The same day that I had been reading and thinking about that incident, our local paper reported that a man threatened another man with a gun in a grocery store parking lot. It happened to be the grocery store where we and many of our friends shop every week. The man with the gun was waving it around and pointing it at the other man. He was angry the man had passed him on a back road because he was going too slow.  The man with this particular slow-going vehicle sped up and followed the other driver all the way to the store.

Because it could have been me or any of my loved ones threatened by that gun, this story made me anxious and afraid. Then I became angry about having my intellectual and emotional immersion in Black history hijacked by this incident of gun violence and all the others that are reported day after day.

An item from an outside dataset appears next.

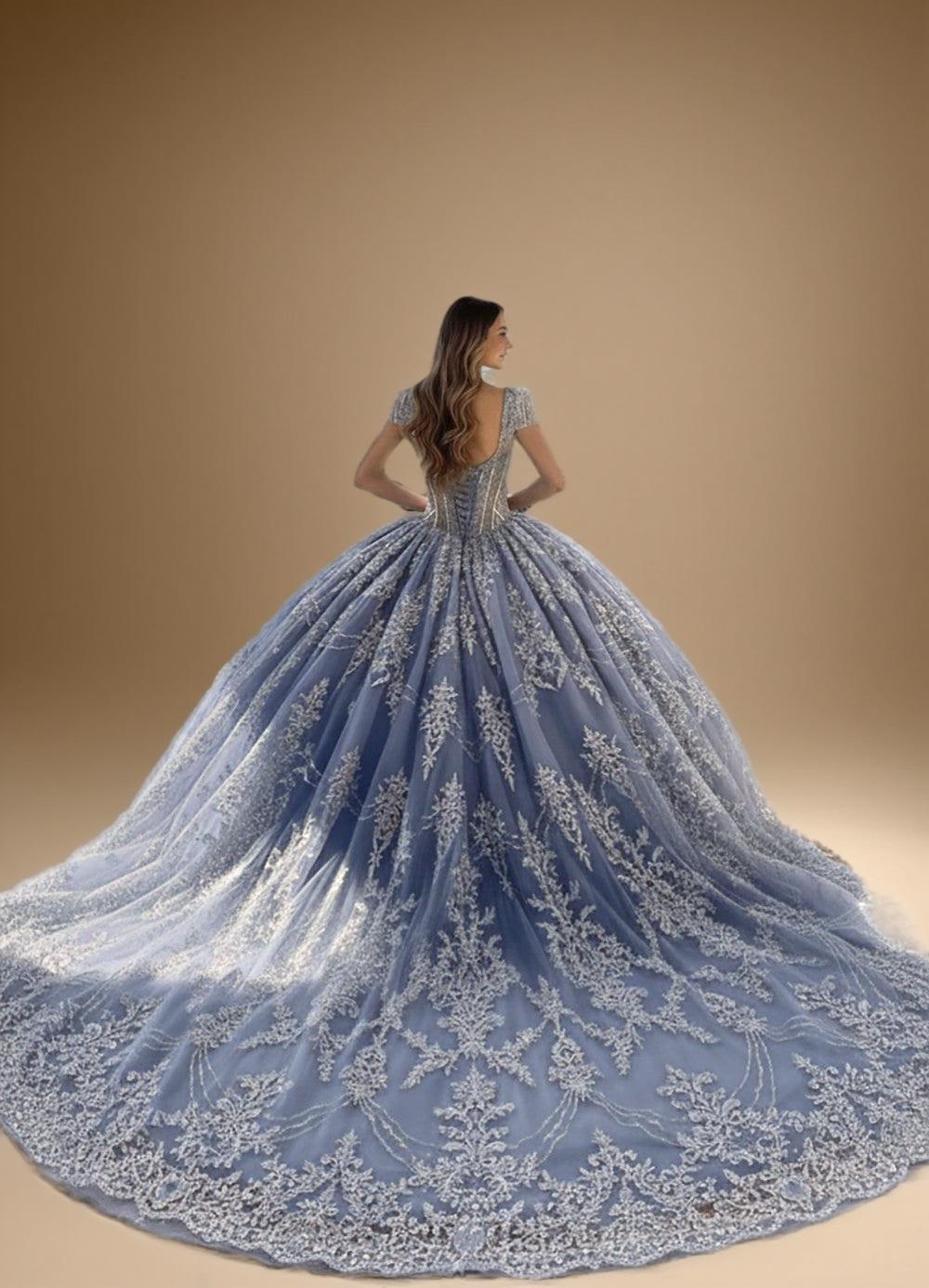 Beaded Cap Sleeve Glitter Tulle Quinceanera Ball Gown in Blue (ZD17553) - View 2 | VelvetHem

Gun violence and Black history are not equally deserving of my attention. Gun violence is a story about attention-seeking people, most of them White males with a king-sized psychic illness that has gone undiagnosed and untreated because we are unwilling to see the madness behind the need to have a million guns and to carry those guns around. Those individuals should be getting help rather than occupying so much media attention and civic oxygen that we cannot attend with heart and soul to human concerns that are of greater value – poverty, hunger, the deteriorating mental health of this society and our awful mental health system, Black history, Native American history, public education, and the special needs of our adolescents.

This, too, is a valid reason for gun control. The daily onslaught of news about gun violence is always hijacking our attention ways from what matters. It robs us of the human experience of putting our anger and civic motivation where it properly belongs.